Looks Like Christmas moss, not Java.


----------



## Bob Madoran (Dec 22, 2014)

Looks like Christmas Moss to me also. It's what I have in my tank. Have fun trimming it. 

The stuff doesn't float to the top of the tank when you trim it. Even with scissors in one hand and tweezers in the other holding what you are about to cut off, you are likely to have pieces that get cut accidentally and will drift around the tank. Big pieces are not much of an issue since they are fairly easy to get, but the little pieces can be a royal pain in rear to get out of the tank as they drift into and around plants or what ever else is in the tank.

One idea would be to not trim the moss while it is in the tank. Out of water the moss will not look anything like what it does in the tank. It won't have that nice fluffy look to it. Instead, it will collapse down on it's self making it nearly impossible to trim it to look even remotely decent. So, if you remove the driftwood or what ever the moss is attached to and put it into a bucket full of water that is big enough to fully submerge it, the moss will look like it does when in the tank and and you don't have to worry about little bits and pieces getting all over the tank. Another advantage to this is it just makes collecting all of the trimmings supper easy so you can attach them to something else.


----------



## Hooked on fish (Dec 15, 2015)

Thanks for the tips BOB.

Christmas Moss, huh?

Well that figures. That's what I get for believing the LFS.


----------



## Veritas (Aug 9, 2013)

i wouldn't be disappointed - christmas moss is usually more highly valued than Java - and for good reason - i think it looks much better.

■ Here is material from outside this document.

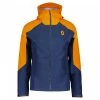 Scott Explorair Light Dryo 3L Outdoor / Sport Regenjacke Midnight Blau/orange 2022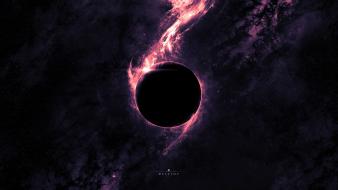Black hole outer space planets wallpaper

I like it - but it would be nice to see a picture from a little further out. kinda hard to see what's going on with the rest of the tank


----------



## Hooked on fish (Dec 15, 2015)

Sure that makes sense.
Here is the whole tank.

This tank was set up about a month ago.
The plants, filter media, sponge filter, and half the gravel were plucked from existing tanks.
Guppies were added to help the cycle.

I have 4 1" convicts that need a new home I'm thinking about putting them here.
Of course I'll pull most of the guppies out. Some of the fry will be left for,... well lunch.


----------



## jboone82590 (Jul 4, 2015)

Convicts will probably dig up your plants??? 


Sent from my SAMSUNG-SM-G870A using Tapatalk


----------



## MrFishTank5372 (Dec 18, 2015)

i think that the driftwood is too thick to be able to make it look like a tree...


----------



## burr740 (Feb 19, 2014)

I like the tree. Think it would look better moved out to where the smaller sword is. As it stands now, the larger sword is the main focal point that draws the eye, and it's dead center. The tree is sort of an afterthought.

If you swapped places with the smaller sword, the tree would become the main focal point, properly spaced at about 1/3 of the width. Then maybe move the big sword to the back left corner, and the smaller sword where the big sword is now.


----------



## JennieEilerts (Dec 1, 2015)

I agree... it would look more balanced. It's a fun tree!


----------